We don’t buy into the Technical Advisory Committee’s expectation of just 42m lines in the U.S. by 2014, but we’ve nevertheless had to reassess our assumptions for traditional line losses over the next decade—fairly dramatically. Despite the fact that through mid-2011 access line losses appear to have moderated somewhat over the 2010 decline, there’s simply no denying the broader trend. Cord-cutting continues apace—we now estimate that wireless-only households account for at least one-third of U.S. households. By year end we predict that figure will have risen to 37%. It’s a generational shift that has been exacerbated over the past few years by the economic recession, but with the exception of very rural markets where wireless coverage may remain spotty, it’s an irreversible trend. The bottom line is that my 20-year-old son isn’t going to call his local phone company to connect a landline—ever.

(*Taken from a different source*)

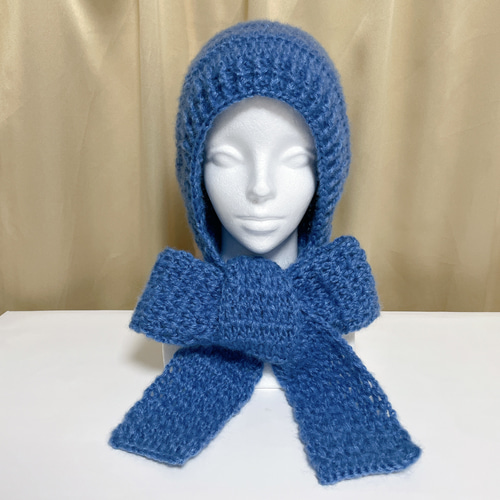 フード付きマフラー ブルー 青色 編み物 バラボネット マフラー付き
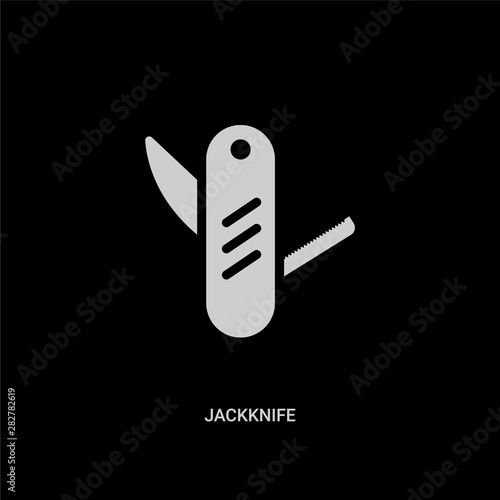 white jackknife vector icon on black background. modern flat jackknife from construction and tools concept vector sign symbol can be use for web, mobile and logo.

He will, perhaps, agree to a VoIP voice service as part of an overall bundle which includes video and broadband service. But voice is an add-on service today, for consumers anyway. For business lines we think the access line losses will be slower than in the residential market, but in the long run the same dynamics are in play. Also, we believe certain CLECs will continue to add lines in the near-term with their highly focused campaigns for business customers. Once again, however, in the long-run the trend will be negative.
As I mentioned above, through mid-2011 the publicly traded ILECs that we track appear to have seen line losses moderate somewhat compared with 2010, and based on our own annual survey of non-public RLECs we know that for the very smallest companies line losses in 2010 were less than in 2009, averaging between 3% and 4%. Once again, there are many rural areas where wireless coverage may not be solid enough for customers to be comfortable with cutting the cord.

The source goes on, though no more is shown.